Would recommend Scholars pub in Firhouse. Nice menu, decent portions, reasonable prices and friendly staff! What more could you ask for ?


----------



## darag (14 Jul 2006)

I've ODed on pub carverys years ago so I'm biased against that type of pub food.  Off the top of my head:
Market bar - unpleasant environment pub but great good value food.  Favourites are the duck confit with lentils or the mackeral - 6 quid each.
The Purty Kitchen near the West Pier of Dun Laoghaire.  The burger and the seafood spagetti dish are excellent.
Searsons, Baggot St.  Bit pricey but consistently good.


----------



## dereko1969 (14 Jul 2006)

Porterhouse branches do good burgers for reasonable price and their beer is great (wrasslers xxxx best stout in the country). Agree that Market Bar has excellent food, not so keen on the place itself though.


----------



## HelloJed (15 Jul 2006)

Can't wait to try out some of the places on here.

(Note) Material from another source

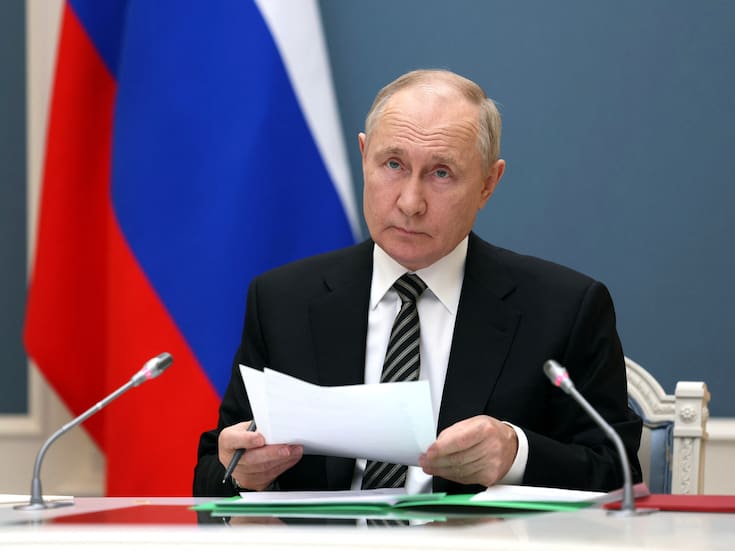 Piden a Rusia que haga una explosión nuclear “demostrativa” como medida disuasoria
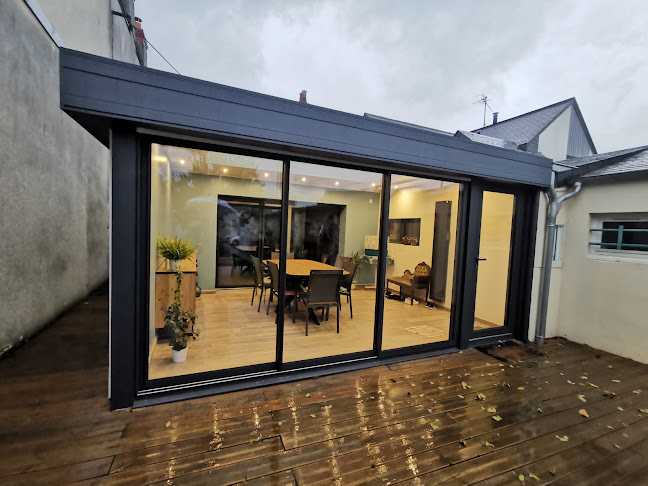 Opinii despre Vie & Véranda în Angers - Entreprise de construction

I also recommend Market Bar, especially as you can get small and large portions of their food - so you can share if you want, tapas-style.


----------



## ftb2 (18 Jul 2006)

Definitely the Porterhouse North in Glasnevin. Delicious pizzas and salads and a huge selection of world beers. Worth a try...


----------



## MandaC (18 Jul 2006)

I know it says Dublin, and I have to say that I think Browns Barn is just terrible, and that includes the restaurant upstairs.

The Waterside Bar in Clondalkin does nice Carvery food, though it can be quite hit and miss sometimes, depending on the Chef and the Bar food in the evening is quite good too.

If anyone is out Kildare way, the Ballymore Inn in Ballymore Eustace is excellent.


----------